The writers of Robin Hood have never explicitly stated where they drew their inspiration from for the film, however, their stylistic choices reveal what sources they may have relied on. One of these is the might be the historical figure of Fulk Fitzwarin, who was notorious in England as an outlaw. Fulk is known to be one of the barons to force King John into signing the Magna Carta in 1215. There is literature detailing Fulk’s life and describing how he worked against King John’s tyranny. Both of these aspects can be seen in the film through Robin Hood’s speech (played by Russell Crowe) to the King (Oscar Isaac) in front of the Barons. In the movie, this speech is what incentivizes people to draw up the Magna Carta for King John to sign. This is an interesting detail in this film, because no other Robin Hood story (to my knowledge) centers the climax on the triumphant signing of the Magna Carta. The speech itself foreshadows western democracy and constitutionalism, focusing on King John’s obligation to recognize that every citizen is equal and to end his rule of tyranny. Historian John Aberth, author of A Knight at the Movies (2003), recognizes two main themes in the early ballads about Robin Hood: “concerns with the abuses of the law and corruption in the judicial system and readiness and unremorseful resort to violence.” Both of these themes are also prevalent in the movie, suggesting that the filmmakers may have read or turned to the ballad literature for inspiration.
One such example of an early ballad is A Gest of Robyn Hode, which was written sometime in the fifteenth century, and has many connections to this film. Chiefly, the character of Godfrey in the movie seems to be modeled on the Sheriff of Nottingham in the Gest. In the ballad, the sheriff abuses the law, planning to execute people without a fair trial, which speaks to the first theme that Aberth identified in his book. Godfrey acts in a similar way, killing citizens because they won’t pay their taxes. Furthermore, the second theme, the unremorseful violence, comes in no short supply in the movie, with gruesome battles and deaths occurring frequently. The demise of the Sheriff in the early ballads and Godfrey in the movie also shows how the film could be highlighting this theme found in the literature. In the Gest and in Robin Hood and the Guy of Gisborne, which is another ballad, Robin shoots the Sheriff as the latter is retreating. This scene may also reflect the film’s death of Godfrey, who dies when Robin shoots an arrow through his neck as he is retreating from the final battle.

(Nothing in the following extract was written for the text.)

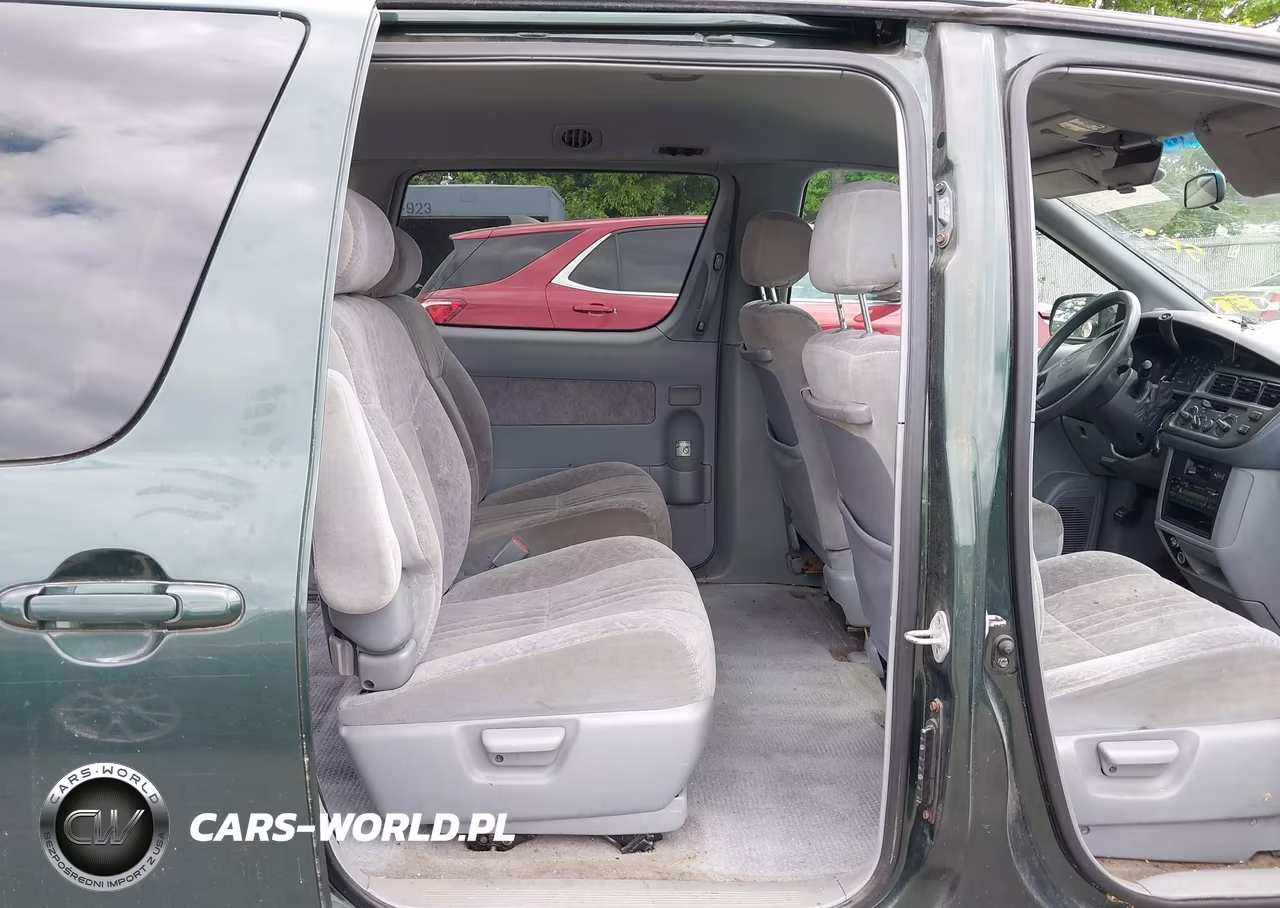 1999 Toyota Sienna Le VIN:4T3ZF13CXXU131542 - 8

Though these ballads might be an inspiration for this adaptation of Robin Hood, some more modern aspects were brought into the story as well. Robin Hood was not characterized as the “people’s champion” until Martin Parkers’ True Tale of Robin Hood came out in 1632. This is the more well-known character seen today. In the movie, this type of Robin Hood characterization is seen only a few times, when Robin declares to King John that all men should be equal and when Robin robs the rich of their seeds to provide for the suffering people of Nottingham. The latter example may please those viewers who want to see the classic trope common to most Robin Hood tales and films; that is, Robin Hood taking from the rich to give to the poor.
This movie is a good action-filled drama that presents a fresh adaptation of the Robin Hood story, which may have been inspired by historical figures who lived during John’s reign, as well as some of the ballads of the fifteenth century.